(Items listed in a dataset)
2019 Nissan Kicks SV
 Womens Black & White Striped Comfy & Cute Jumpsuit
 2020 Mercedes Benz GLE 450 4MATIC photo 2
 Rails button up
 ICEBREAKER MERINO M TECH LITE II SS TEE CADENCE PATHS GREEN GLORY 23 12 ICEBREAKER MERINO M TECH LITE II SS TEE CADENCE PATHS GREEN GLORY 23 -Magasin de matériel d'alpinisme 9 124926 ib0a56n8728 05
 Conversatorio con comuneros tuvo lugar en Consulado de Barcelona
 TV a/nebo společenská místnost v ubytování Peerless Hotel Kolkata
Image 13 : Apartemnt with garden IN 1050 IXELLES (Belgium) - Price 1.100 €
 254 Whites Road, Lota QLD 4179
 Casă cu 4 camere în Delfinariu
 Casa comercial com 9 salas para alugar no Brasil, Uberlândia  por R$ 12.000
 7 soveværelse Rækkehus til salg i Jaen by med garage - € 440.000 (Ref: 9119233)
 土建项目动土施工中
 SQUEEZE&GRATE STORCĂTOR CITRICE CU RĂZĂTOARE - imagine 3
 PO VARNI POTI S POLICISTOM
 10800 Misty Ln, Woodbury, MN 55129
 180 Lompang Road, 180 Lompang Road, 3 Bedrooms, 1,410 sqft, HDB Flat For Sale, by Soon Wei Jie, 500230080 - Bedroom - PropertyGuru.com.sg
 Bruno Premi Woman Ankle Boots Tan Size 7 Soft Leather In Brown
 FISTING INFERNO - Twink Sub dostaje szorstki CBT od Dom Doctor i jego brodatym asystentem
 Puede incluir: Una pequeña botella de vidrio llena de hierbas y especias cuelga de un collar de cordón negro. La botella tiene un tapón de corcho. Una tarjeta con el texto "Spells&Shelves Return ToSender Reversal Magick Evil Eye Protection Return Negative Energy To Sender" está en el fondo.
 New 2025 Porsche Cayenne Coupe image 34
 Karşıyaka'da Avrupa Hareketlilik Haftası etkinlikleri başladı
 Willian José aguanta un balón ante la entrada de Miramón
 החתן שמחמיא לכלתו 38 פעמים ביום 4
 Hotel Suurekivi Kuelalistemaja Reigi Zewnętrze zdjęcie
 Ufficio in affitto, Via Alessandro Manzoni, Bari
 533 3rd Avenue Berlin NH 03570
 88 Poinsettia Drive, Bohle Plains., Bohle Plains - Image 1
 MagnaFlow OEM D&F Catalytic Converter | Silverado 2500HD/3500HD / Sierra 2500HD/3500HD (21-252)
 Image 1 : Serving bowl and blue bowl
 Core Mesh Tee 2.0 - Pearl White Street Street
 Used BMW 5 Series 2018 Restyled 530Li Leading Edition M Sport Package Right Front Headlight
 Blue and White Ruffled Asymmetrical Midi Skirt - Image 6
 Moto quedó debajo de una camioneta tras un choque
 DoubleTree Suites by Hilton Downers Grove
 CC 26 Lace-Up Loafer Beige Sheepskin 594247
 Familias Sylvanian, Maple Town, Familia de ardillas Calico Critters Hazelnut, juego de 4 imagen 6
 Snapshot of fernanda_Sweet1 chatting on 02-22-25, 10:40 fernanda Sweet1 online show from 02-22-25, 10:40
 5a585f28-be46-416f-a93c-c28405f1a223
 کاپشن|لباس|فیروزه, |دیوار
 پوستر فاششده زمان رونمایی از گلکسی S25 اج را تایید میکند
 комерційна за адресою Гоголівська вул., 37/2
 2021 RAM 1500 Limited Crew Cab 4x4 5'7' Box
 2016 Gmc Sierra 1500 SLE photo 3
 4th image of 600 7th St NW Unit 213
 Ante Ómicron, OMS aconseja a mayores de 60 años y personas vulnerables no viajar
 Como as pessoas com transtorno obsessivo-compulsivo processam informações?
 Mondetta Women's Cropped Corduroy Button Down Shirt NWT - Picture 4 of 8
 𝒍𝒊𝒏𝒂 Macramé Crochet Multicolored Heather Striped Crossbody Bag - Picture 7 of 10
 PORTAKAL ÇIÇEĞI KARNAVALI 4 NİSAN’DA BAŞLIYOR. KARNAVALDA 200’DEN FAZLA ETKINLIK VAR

* _What is being asked_
Your answer must consist solely of the lines above between the line holding "Bruno Premi Woman" and the line holding "FISTING INFERNO - Twink", inclusive, copied exactly.

* _Answer below_
 Bruno Premi Woman Ankle Boots Tan Size 7 Soft Leather In Brown
 FISTING INFERNO - Twink Sub dostaje szorstki CBT od Dom Doctor i jego brodatym asystentem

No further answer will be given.